Nonetheless, the cuts did not sit well with House Democrats, many of whom said a House budget that afforded no increases to higher education was insufficient.

"It is making college less accessible, less affordable for parents who work hard and want to give their kids an opportunity to live the American dream," said Minority Leader Jeff Harris, D-Columbia. "And in the 21st century, the ticket to the American dream is a college diploma, and by making this cut, it just makes that ticket to the American dream more difficult to get, more difficult to realize."

The UM System Board of Curators voted last fall for a 3.5 percent tuition increase but system officials said they had presumed they would receive equal funding to last year.

If the state follows through with the cuts, Nikki Krawitz, vice president for finance and administration, said they would first look to cut expenditures. She declined to specify how the system would react beyond cutting expenditures or if tuition increases more than 3.5 percent could be necessary.

"We would like to hope that when the House and Senate get together they will consider the importance of investing in higher education and the magnitude of cuts we've experienced," she said.

Rep. Ed Robb, R-Columbia, voted in favor of holding higher education's budget to last year's figures and joined the Columbia delegation in opposing the Senate panel's proposed cuts.

"What we're saying is that we have slightly different set of priorities, and (Gross) may give the social services programs a greater weight than the House members did," Robb said.

Rep. Alan Icet, R-St. Louis County, who is a leader in the House Budget Committee and Robb said they expected most, if not all, the cuts to be restored in negotiations between the bodies.

Higher education sustained several significant cuts and withholdings of appropriated money in recent years, a trend which both Columbia Democrats Sen.
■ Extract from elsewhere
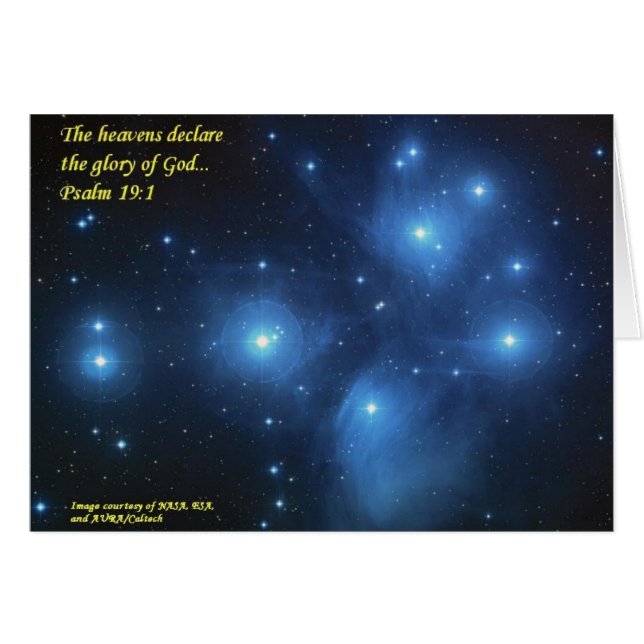 Cartão Os céus declaram a glória do deus (Frente horizontal)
Chuck Graham and Rep. Judy Baker said was disturbing.

"The University of Missouri System has a unique mission to be public, accessible higher education," she said. "And that mission is at stake when tuition increases so much that they can't pay for it."
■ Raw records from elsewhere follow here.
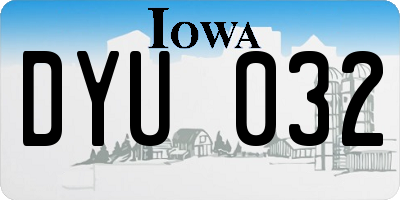 IA license plate DYU032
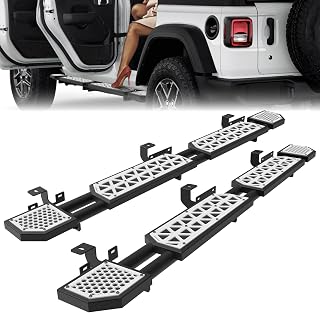 Running Boards Fit for Jeep Wrangler JL 2018-2025 Side Steps for JL 4 Door 7 Inch Rock Rail Steps DIY Painting White Panel Carbon Steel Rock Sliders
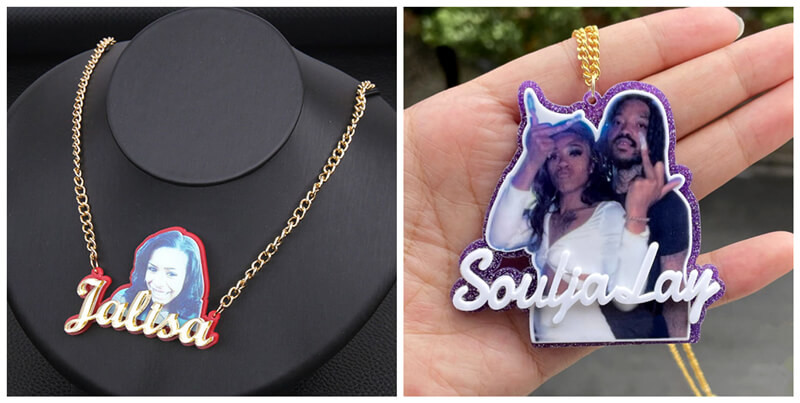 personalized metal and acrylic jewelry maker wholesale personalised portrait engraved necklaces pendant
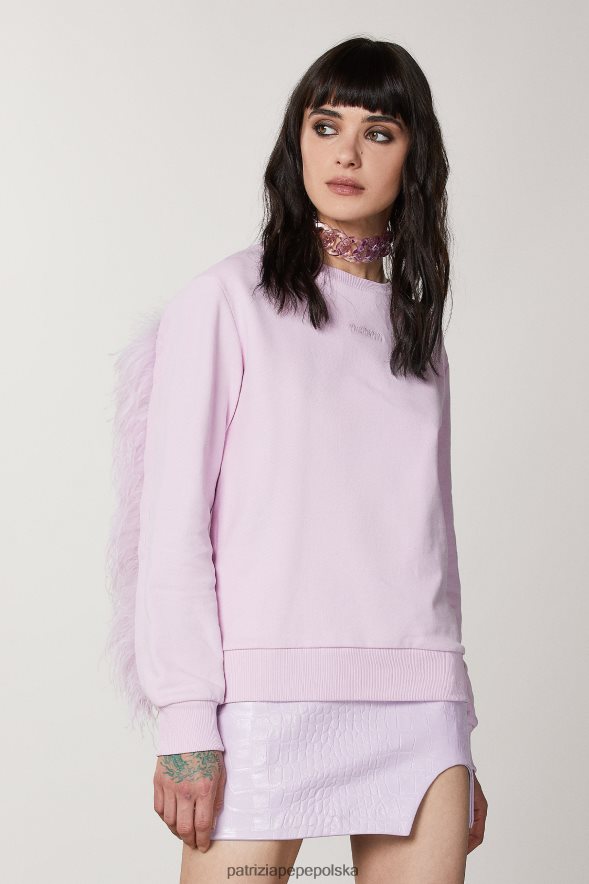 strój Patrizia Pepe świeży liliowy kobiety bluza z detalami z piór 866488475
Sen. Pat Dougherty, D-St. Louis County, said the money freed from the cut was used to reduce the magnitude of the cuts to social services.

The committee adopted Dougherty's proposal to create a graduated premium plan for the MC+ plan, which would force higher income participants to pay higher premiums. The program provides health insurance for the children in families earning up to the three times the federal poverty level. Dougherty said adopting the graduated premium plan could keep 15,000 children on the plan. The Department of Social Services estimated the House's version, which did not temper premiums by income level, would result in 23,000 children dropping the program.
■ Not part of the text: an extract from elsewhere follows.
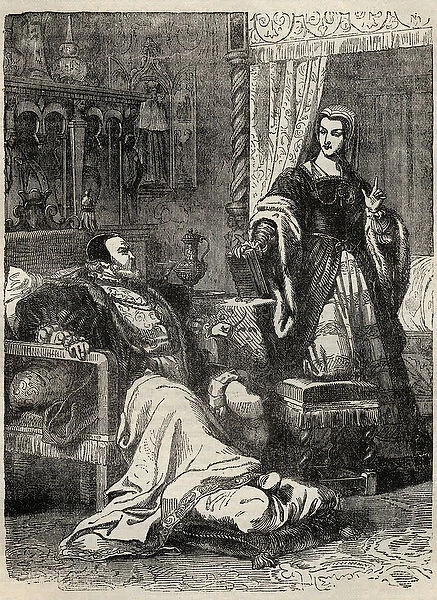 Henry VIII and the Queen Catherine Parr (1512-1548) - engraving from '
House Budget Chairman Brad Lager, R-Maryville, said he knew the Senate would be doing much of its own budgeting.

"We had a lot of discussion and debate in the House, and the House chose to prioritize and work very hard to hold higher education whole," he said.

Gross said the Senate would begin discussing the budget on the floor Tuesday. The House and Senate must agree to a budget by May 6.

In other action, the Senate gave initial approval to a measure tighten the penalties for drunken driving and gave final approval to a bill allowing the parents of minors who have an abortion without their consent to sue the people who aided the minor.